WORK REQUIRED >> From the records that follow, return exactly the lines beginning at the one that contains "Equac 7 Cac" and ending at the one that contains "Photo of Autumn Meadowhawk", pictures left out.

GIVEN INFORMATION >>
>>>>>

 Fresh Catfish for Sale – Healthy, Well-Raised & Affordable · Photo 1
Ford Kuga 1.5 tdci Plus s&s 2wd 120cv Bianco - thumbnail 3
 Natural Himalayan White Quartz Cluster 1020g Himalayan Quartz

<<<<<
>>>>>

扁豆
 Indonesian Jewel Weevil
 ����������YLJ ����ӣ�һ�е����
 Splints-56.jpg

<<<<<
>>>>>

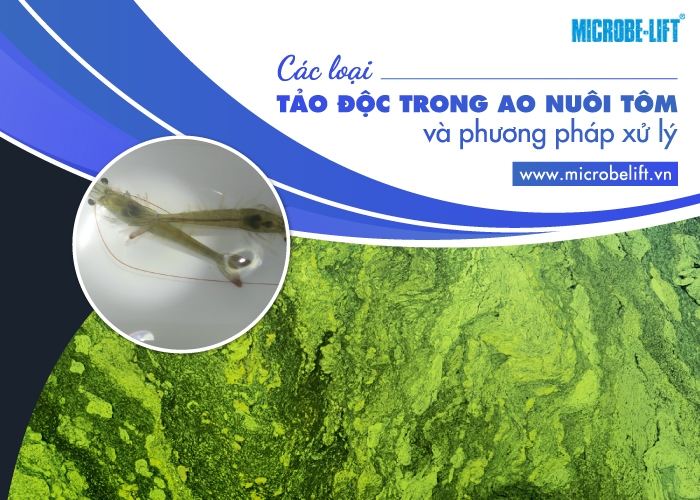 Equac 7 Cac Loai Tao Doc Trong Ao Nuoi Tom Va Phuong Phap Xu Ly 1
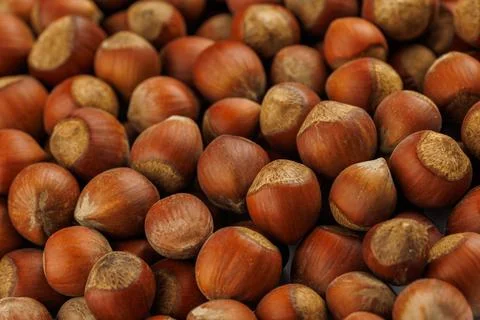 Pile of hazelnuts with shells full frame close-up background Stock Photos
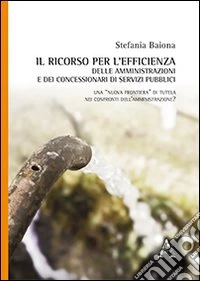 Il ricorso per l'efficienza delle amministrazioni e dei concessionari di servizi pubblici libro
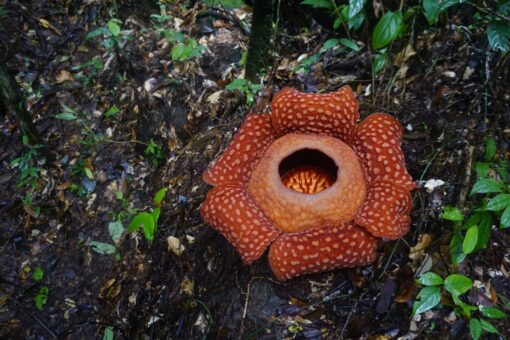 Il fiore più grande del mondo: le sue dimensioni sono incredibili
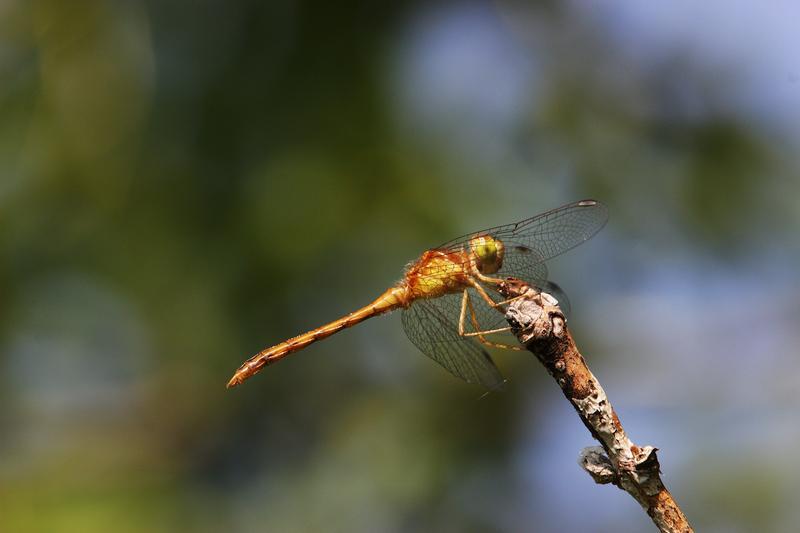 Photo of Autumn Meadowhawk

<<<<<

RESPONSE >>
 Equac 7 Cac Loai Tao Doc Trong Ao Nuoi Tom Va Phuong Phap Xu Ly 1
 Pile of hazelnuts with shells full frame close-up background Stock Photos
 Il ricorso per l'efficienza delle amministrazioni e dei concessionari di servizi pubblici libro
 Il fiore più grande del mondo: le sue dimensioni sono incredibili
 Photo of Autumn Meadowhawk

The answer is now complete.